子供時代、夏休みになると、祖父の実家に子供だけでお泊りに行くのが恒例でした。

鈴なりになっている真っ赤なトマト畑。白く可愛い花が咲いているキュウリ畑、太くまんまるに育ったナスが、たわわにゆらゆらと風に揺れている風景。
井戸水のそばにはスイカやジュース、ビールなどが冷やされていました。

子供心に、田舎の生活で一番不思議だったのが、朝、昼、夜と、必ず食膳に出てくる、鉢一杯のトマトやキュウリ達。
これらは夏野菜の収穫の代表選手で、商品としてはねられた、少し傷ものを食べるのは農家にとってはごく当たり前のこと。
不思議なのは、その食べ方です。
大きくざっくりと切ったトマトやキュウリを、家人はそれぞれのお皿に取り分けると、その上にたっぷりと塩を振ったり、しょうゆをかけるのです。
それをさも美味しいそうに、ごはんと一緒にほおばるのです。

当時、トマトやキュウリをそのまま素で食べることが苦手でした。むしろマヨネーズをかけて食べるのが本当の食べ方だと思っていたほどです。
ところが不思議なことに、塩だけで食べるのがとても美味しかったのです。

祖父の実家では、朝起きてから、食事までの間、ほとんど日照りの中、畑や山の中を駆けずり回って遊んでいました。
喉が渇けば、従兄弟たちと、畑からくすねたトマトをかぶりついたりしました。おやつにはアイスクリームの代わりに、井戸水で冷やしたスイカでした。その時もまた、家人に倣って、たっぷりと塩を振りかけて、美味しくいただいたのを覚えています。

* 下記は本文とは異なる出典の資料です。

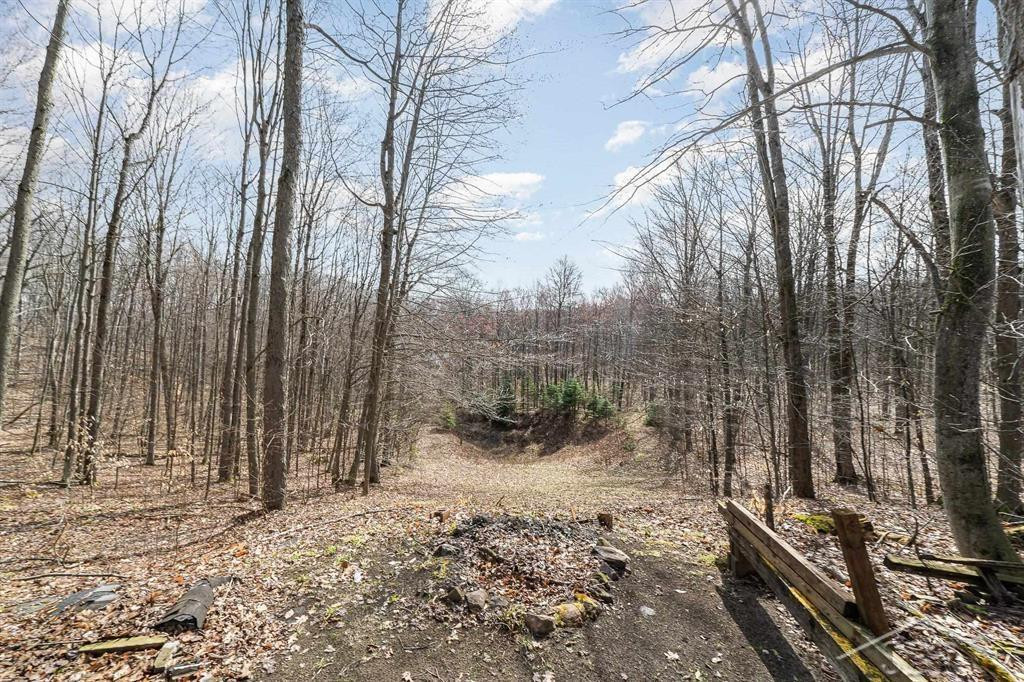 Sunrise Lake Road - 14679 Drive, Leroy, MI 49655 — Photo 25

祖父の実家にいる間、喉が渇いたので、お茶をください、とか、お茶を飲みなさい、とか、というやり取りもなかったような気がします。

今、『熱中症』が社会問題になってきて、初めてあの時の祖父の実家の『不思議』が理解できた気がします。

体内の水分調整には、夏野菜と塩が欠かせないものだったからです。
今では、一年を通していろんな野菜が出回るようになりましたが、どうしてトマトやキュウリは夏野菜といわれるのかというと、水分とカリウムがたっぷり含まれているからです。

夏、汗をかいて、ミネラルや水分が出ていきやすくなります。そんな中、水だけをたくさん取ると、血液中の塩分濃度だけが薄くなり、細胞内の脱水がさらに進んでしまうことになります。

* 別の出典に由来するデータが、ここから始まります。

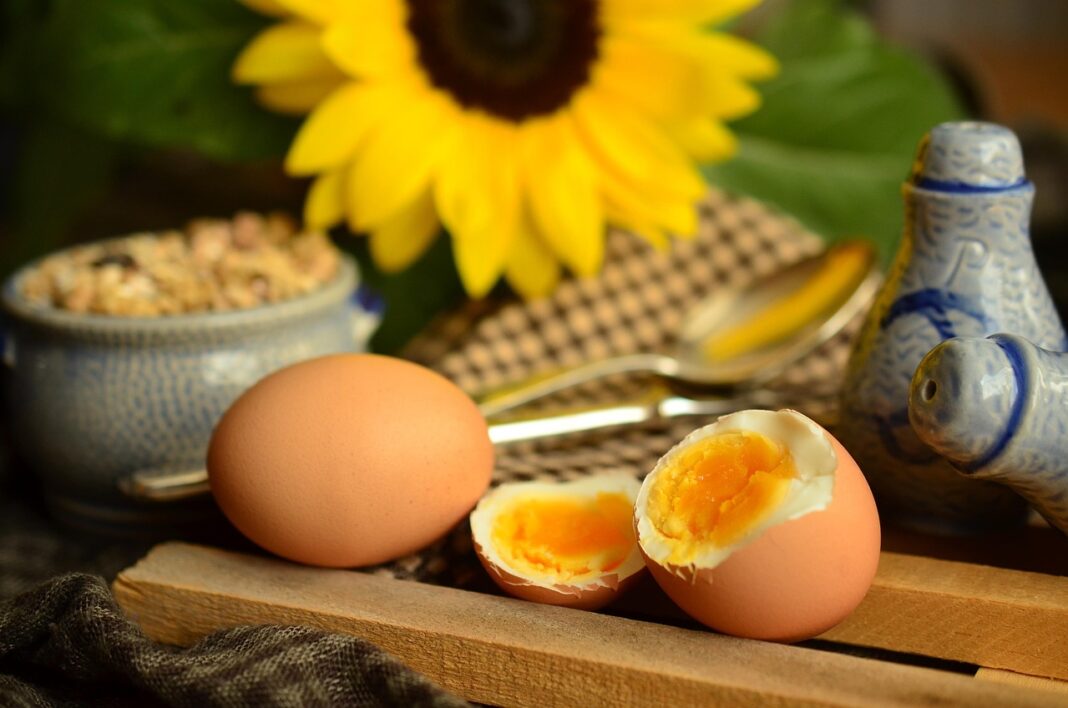 eggs-869300_1280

体内の水分調整には、ナトリウムイオン(簡単にいうと塩分)が大きく関係しています。そのため、たくさん汗をかいた後には、水と一緒に塩分を取るとよいといわれています。同時に糖分を一緒に取る方が、より効果的に脱水を防いでくれることになります。

実は、このナトリウムの水分調整は、カリウムイオンとの細胞内外の濃度のバランス関係で成り立っています。
夏野菜には、水分だけでなく、カリウムがたっぷり含まれています。
それに塩を振って食べるということは、ナトリウムとカリウムのバランスが取れて、おまけに水分までしっかり取れるということから、夏には理想的な食事だったということです。

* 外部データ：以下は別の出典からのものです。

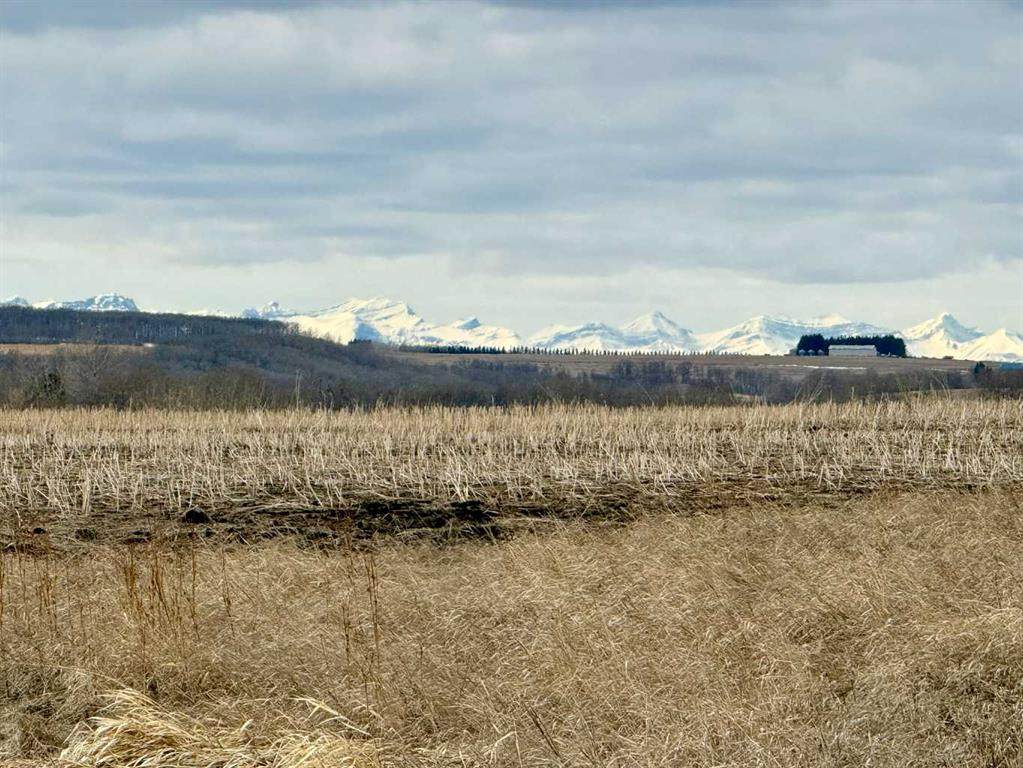 https://bt-photos.global.ssl.fastly.net/calgary/orig_boomver_1_A2300182-2.jpg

ちなみに、自宅でもできる『経口補水液の作り方』はたくさんネットで公開されています。その中で、『お茶づけ』も脱水予防によいという記事を見つけました。なるほど、お茶の水分と、ごはんの糖分と、お漬物の塩分とカリウムがすべて含まれていますので、うなずけます。食欲のない方は、ぜひ、キュウリやナスの浅漬けで、シャシャシャッとお茶づけを食べてみてください。